▸ Data shown
- - - - -

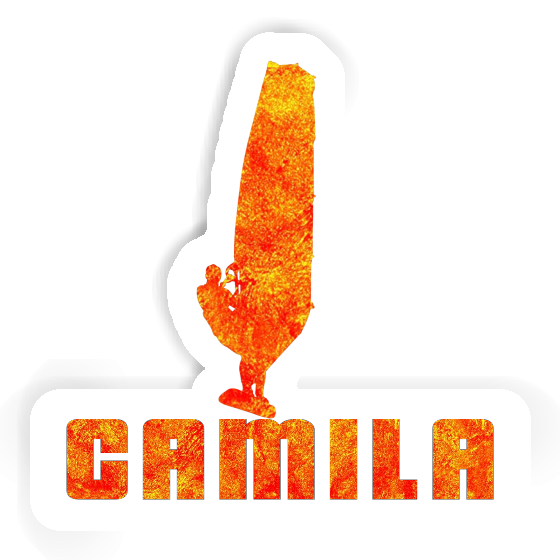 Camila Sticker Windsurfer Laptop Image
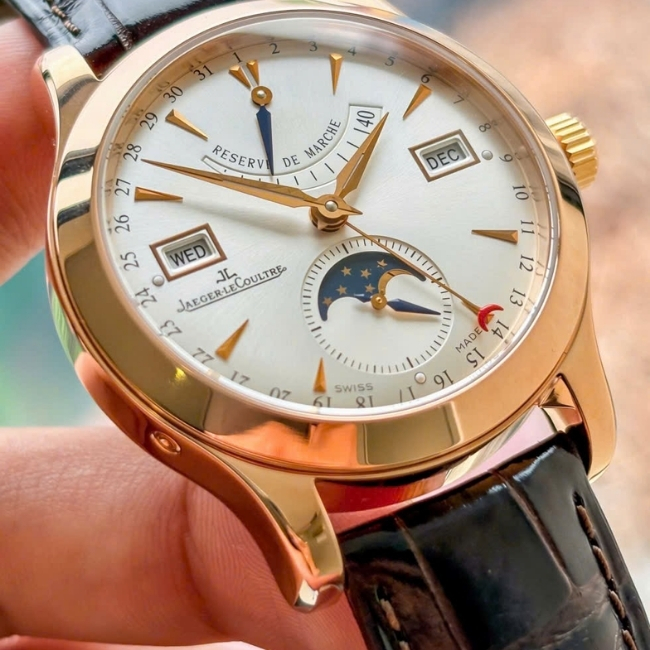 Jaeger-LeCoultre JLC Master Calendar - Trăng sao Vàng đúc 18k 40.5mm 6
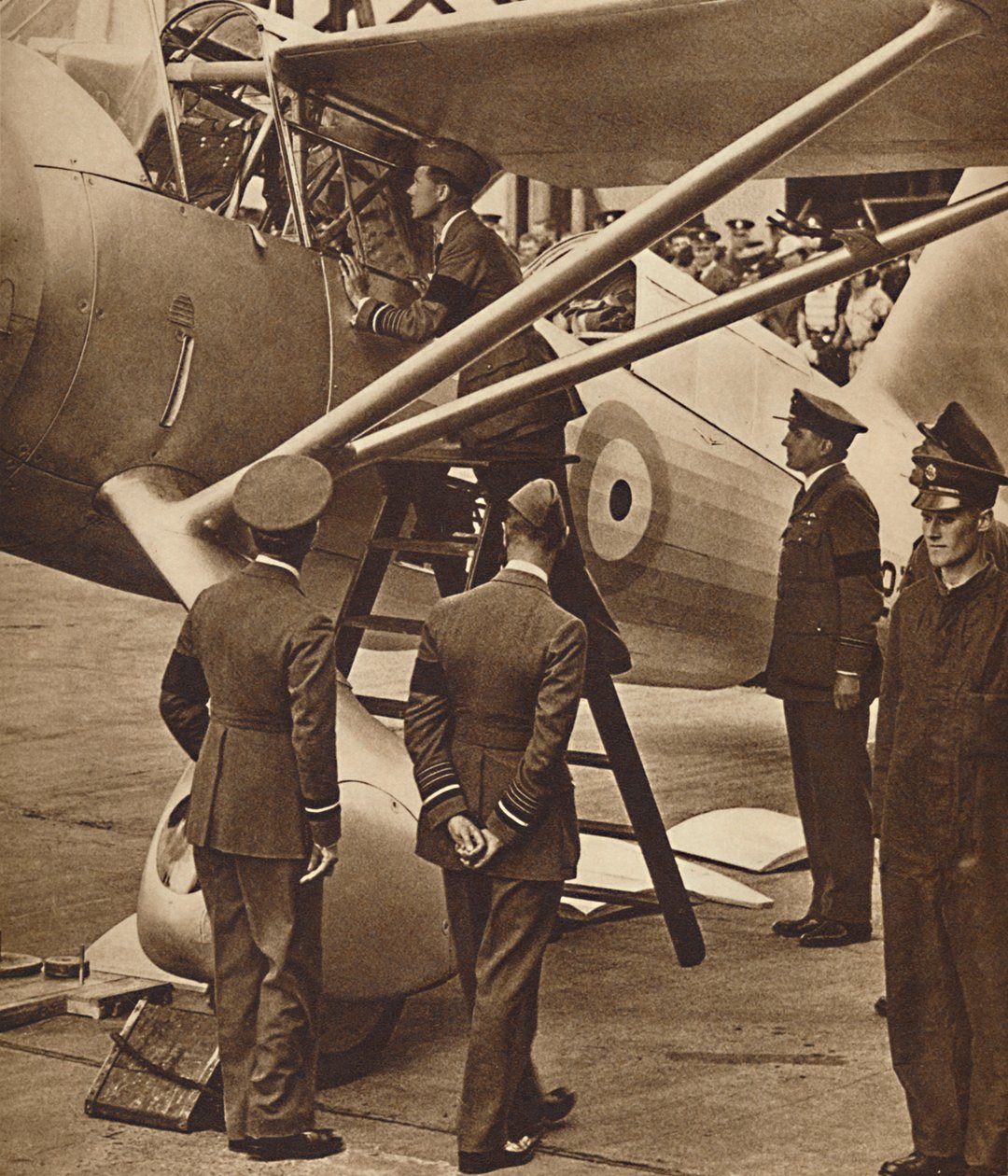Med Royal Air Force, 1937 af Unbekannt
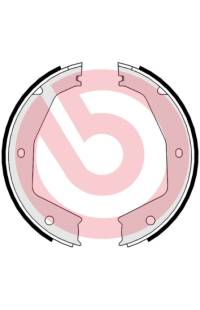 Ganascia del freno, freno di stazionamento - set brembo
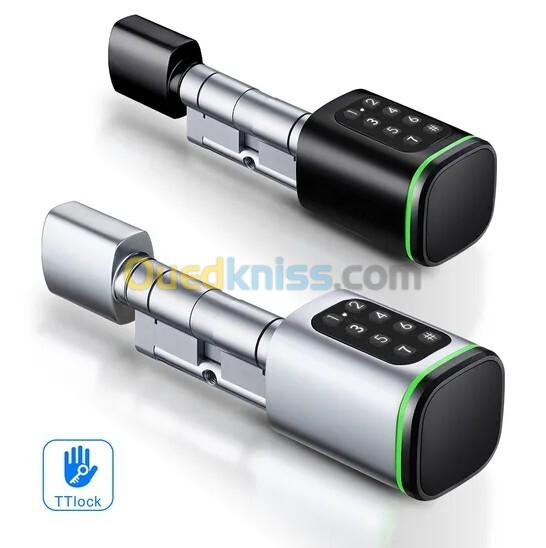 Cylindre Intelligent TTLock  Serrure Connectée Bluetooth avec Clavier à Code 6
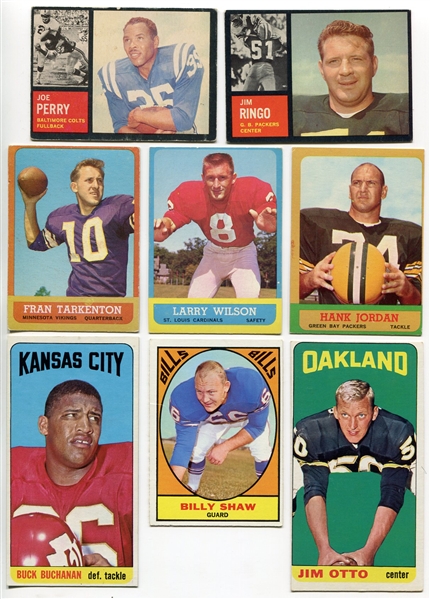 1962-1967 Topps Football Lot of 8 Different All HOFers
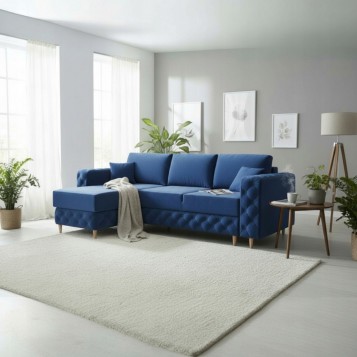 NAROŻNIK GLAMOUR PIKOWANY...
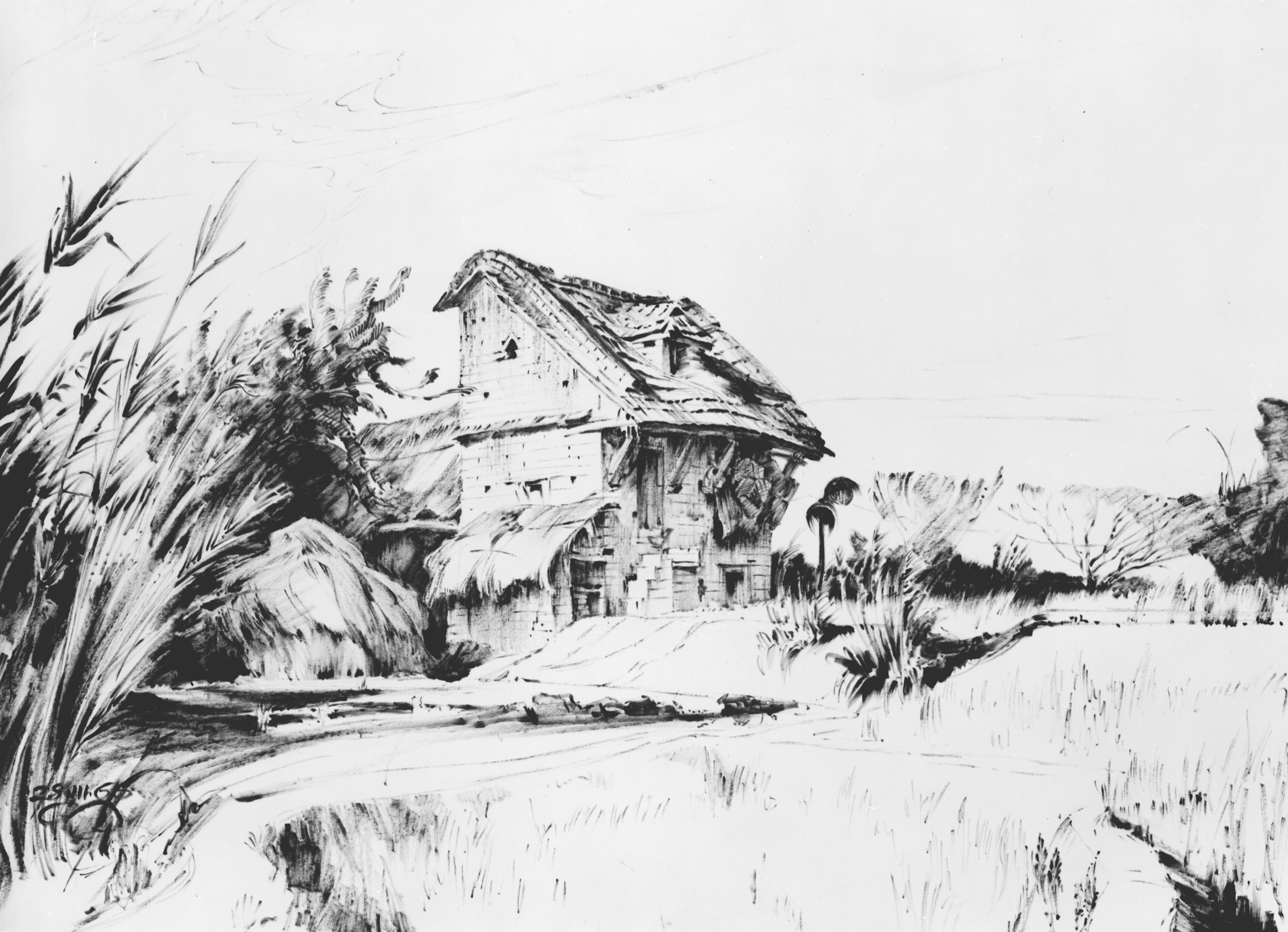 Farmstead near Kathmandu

- - - - -

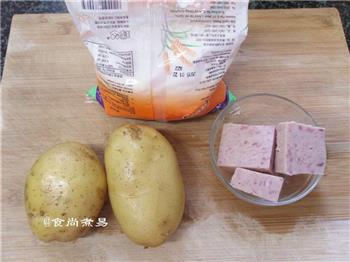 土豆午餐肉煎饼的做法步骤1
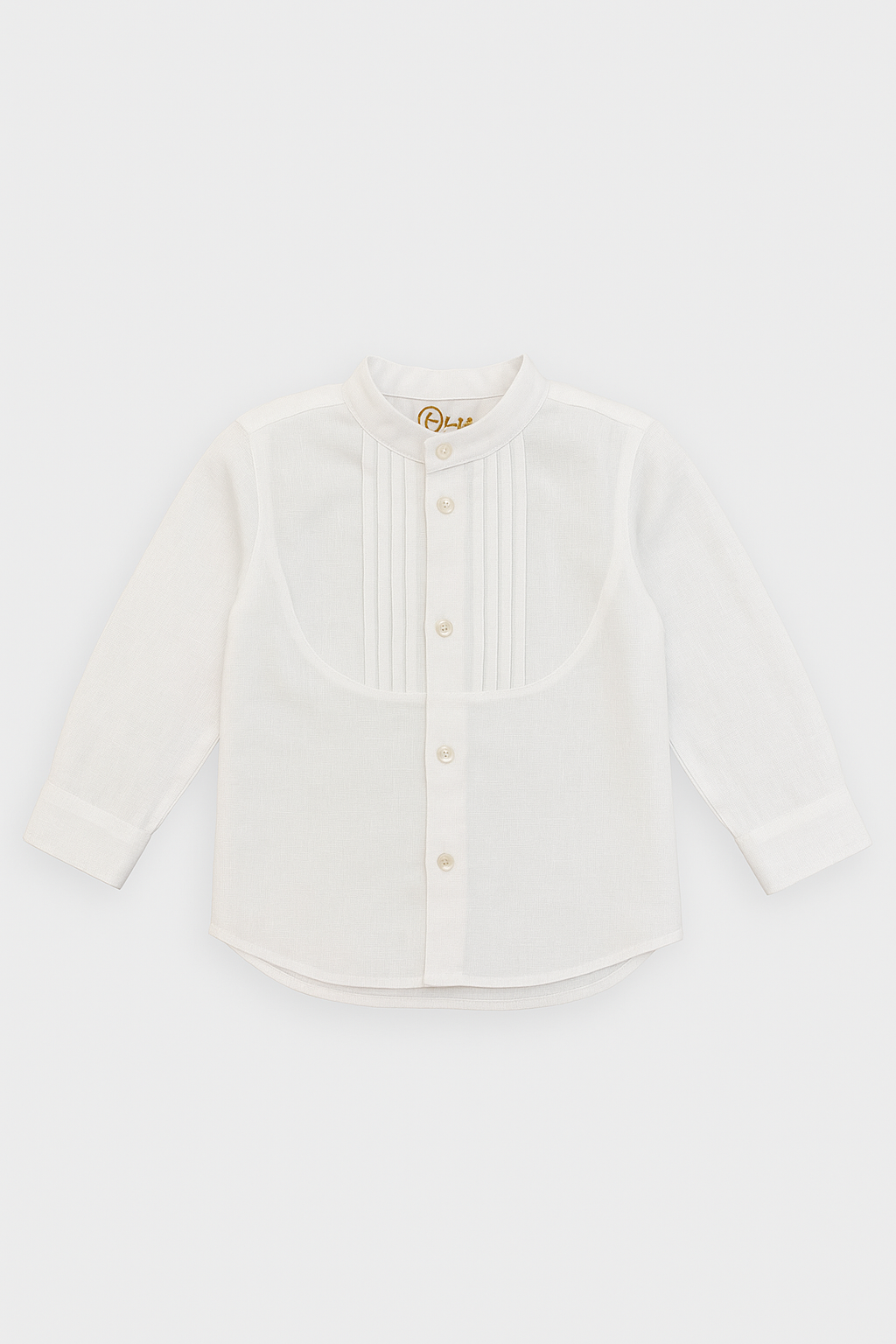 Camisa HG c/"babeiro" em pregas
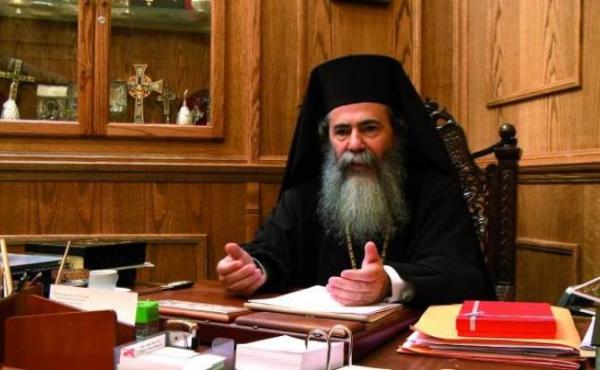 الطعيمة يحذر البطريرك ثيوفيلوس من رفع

- - - - -

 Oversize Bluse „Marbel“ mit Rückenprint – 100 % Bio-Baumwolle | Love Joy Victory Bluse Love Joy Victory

- - - - -

Between and including the line above that contains "NAROŻNIK GLAMOUR PIKOWANY..." and the line that contains "Farmstead near Kathmandu", restate every line word for word. Pictures stay out.

 NAROŻNIK GLAMOUR PIKOWANY...
 Farmstead near Kathmandu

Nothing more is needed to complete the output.